University’s Wage Raises Have to Come From Somewhere
March 29, 2016
President Hamilton stepped into office and wasted no time in tackling one of the most pressing issues facing the student body; affordability. Already he has announced a two percent freeze in tuition increases and the formation of an administrative committee to address affordability concerns. And on Thursday, Hamilton announced a plan to phase in a $15 minimum wage for all undergraduate student workers over three years. Currently, wages for work study range from $9 to $15 per hour. The plan would bump the minimum wage rate to $12 per hour in 2016, to $13.50 per hour in 2017 and finally to $15 per hour in 2018.
All across the country, a similar fight for a higher minimum wage is underway. Just this Monday, California lawmakers struck a deal to implement a $15 minimum wage for all workers by 2022. Governor Andrew Cuomo announced in December that state workers would receive a $15 minimum wage by 2018. In New York City, activists have made waves by demanding a $15 minimum wage for fast food workers.
So the new student minimum wage isn’t without precedent. However, implementing a minimum wage for work study presents a few unique considerations for the university that don’t really apply in other sectors. For one, the goal of work study is to provide an alternative means of financial aid. Universities — at least not reputable universities — are not looking to maximize profits like private firms, so students don’t have to worry about shrinking employment or capital substitution like fast food workers might.
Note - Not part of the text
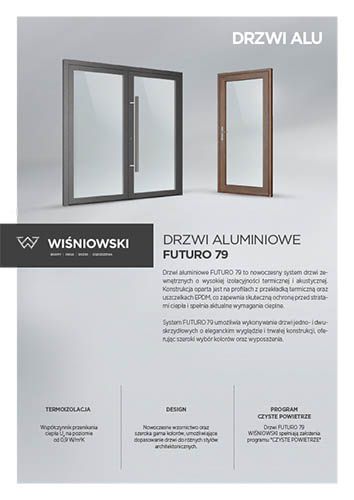 Drzwi aluminiowe FUTURO 79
But the other consideration is a little more dire: the question of where the money will come from. With Hamilton’s promises to reduce tuition increases and find ways to rein in spending, finances in the coming years will be tighter than ever. Financing more expensive student workers needs money, and given Hamilton’s promises to freeze tuition increases, that money can come from only two places. The university could begin seeking donations more aggressively, though it’s hard to imagine how they might step those efforts up significantly. Or, the university could be banking on the Affordability Steering Committee to come up with some killer solutions for cutting spending, and then redirect those funds into student wages.
One way or another, that money has to come from somewhere. Though the measures are undoubtedly a boon for student workers, we must all keep in mind that there is no such thing as a free lunch. If Hamilton is to make good on his promises, he must begin backing them up with some real evidence that progress is being made. Naysayers across the nation are decrying a $15 minimum wage as an unattainable goal. Hopefully, if this measure proves sustainable, NYU will find a way to prove them wrong.